Are there any other log files produced by your server?
@PeterF778 I tried with the configuration proposed by @laurit. The result is the same:
After applying the jmx-metrics java agent, I can not find the queue beans from the bean list retrieved using the jmxterm tool and I can not see the metrics my_own_jms_queue_depth generated.
Actually, as I stated, when I removed the first rule for bean WebSphere:feature=wasJmsServer,type=Queue,name=*
, the result is the same.
I found another log file messages.log
generated by my liberty server but it looks the same as the one I sent to you already.
messages.log
verbose.20231108.log
I found the following messages from the log files, is this related to the issue?
[otel.javaagent 2023-11-07 07:18:36:488 +0000] [main] DEBUG io.opentelemetry.javaagent.tooling.SafeServiceLoader - Unable to load instrumentation class: JVMCFRE199E bad major version 61.0 of class=io/opentelemetry/javaagent/shaded/instrumentation/javaagent/runtimemetrics/java17/Java17RuntimeMetricsInstaller, the maximum supported major version is 55.0; offset=6
...
[otel.javaagent 2023-11-07 07:18:37:308 +0000] [main] DEBUG io.opentelemetry.javaagent.tooling.SafeServiceLoader - Unable to load instrumentation class: JVMCFRE199E bad major version 61.0 of class=io/opentelemetry/javaagent/instrumentation/spring/jms/v6_0/SpringJmsInstrumentationModule, the maximum supported major version is 55.0; offset=6
[otel.javaagent 2023-11-07 07:18:37:349 +0000] [main] DEBUG io.opentelemetry.javaagent.tooling.SafeServiceLoader - Unable to load instrumentation class: JVMCFRE199E bad major version 61.0 of class=io/opentelemetry/javaagent/instrumentation/spring/webmvc/v6_0/SpringWebMvcInstrumentationModule, the maximum supported major version is 55.0; offset=6
Unable to load instrumentation class: JVMCFRE199E bad major version 61.0
is expected.

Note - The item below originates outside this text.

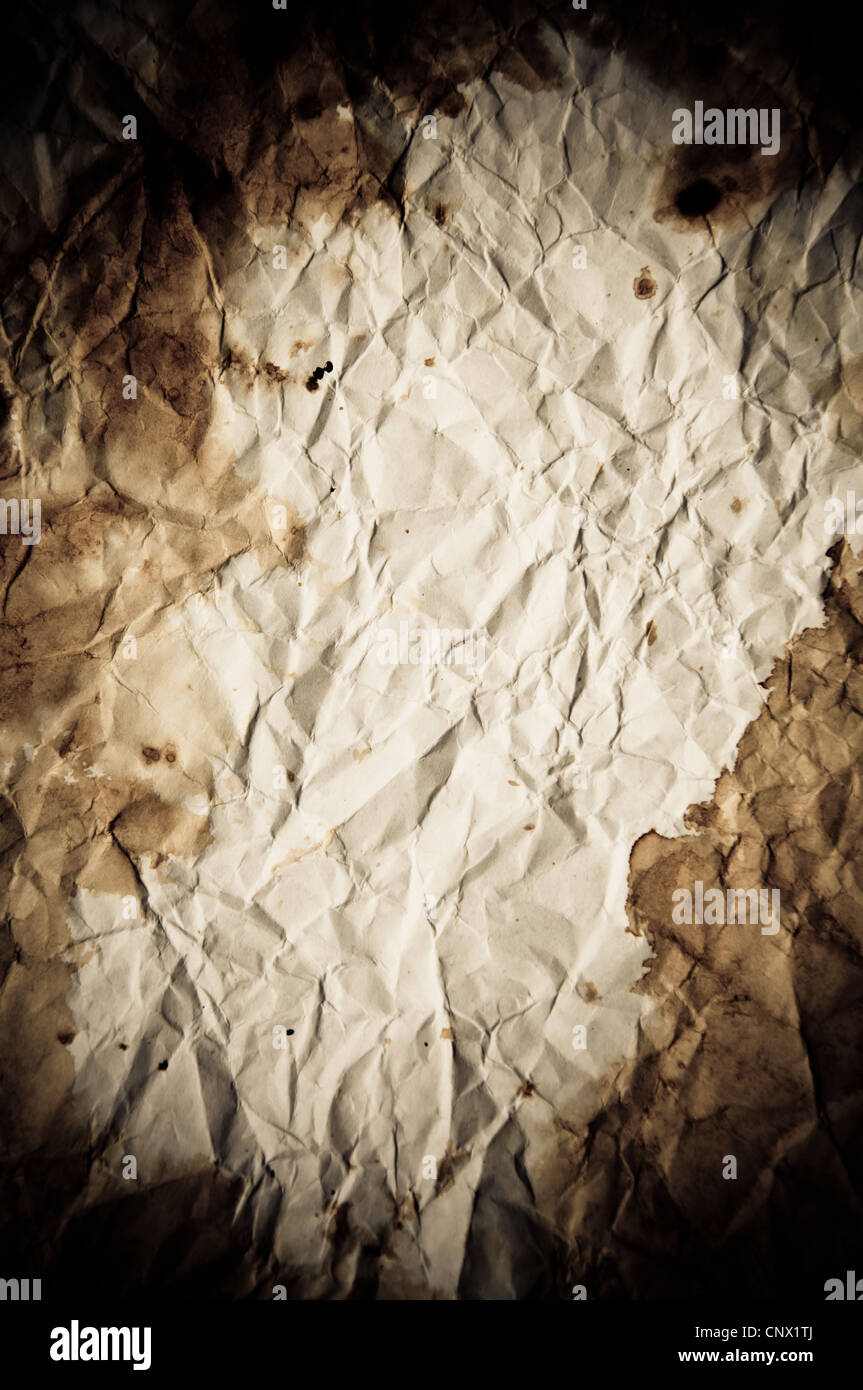 Old vintage paper texture or background Stock Photo - Alamy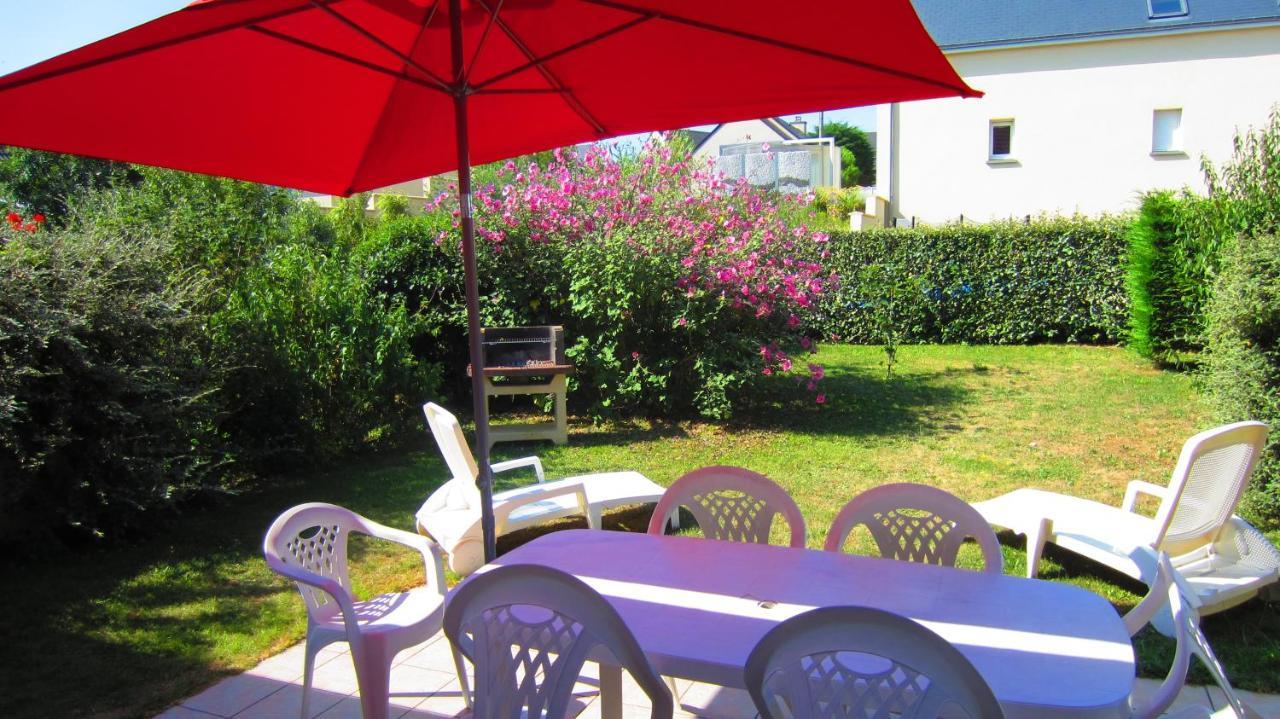 Location Barneville-Carteret à 100m de la plage Saint-Jean-de-la-Rivière Exterior foto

Some instrumentations target java 17, loading them is expected to fail on jdk 11.
To help you we need to reproduce this issue and we need your help to do that. I tried with wlp-jakartaee10-23.0.0.10
with default configuration and can see the metric for the default queue. You'll have to narrow your issue down, try with a fresh liberty install with default configuration and see if it works then. If it does not try with a openjdk instead of openj9. If you manage to find the combination that fails describe it with enough detail to allow others to reproduce
@laurit @PeterF778 I tried upgrading my WebSphere Liberty to 23.0.0.10
and java to 17
. Although the error Unable to load instrumentation class: JVMCFRE199E bad major version 61.
was gone, the result was the same:
After applying the jmx-metrics java agent,
my_own_jms_queue_depth
generated.Attached is the verbose log of my Liberty server after upgrading. verbose.20231114.log
In addition, my Liberty JMS server is running inside docker container which uses the base image ibmcom/websphere-liberty:23.0.0.10-kernel-java17-openj9-ubi
.
@xwgao could you provide instructions for reproducing this? Perhaps you could provide a dockerfile that would allow building an image that reproduces the issue?
This has been automatically marked as stale because it has been marked as needing author feedback and has not had any activity for 7 days. It will be closed automatically if there is no response from the author within 7 additional days from this comment.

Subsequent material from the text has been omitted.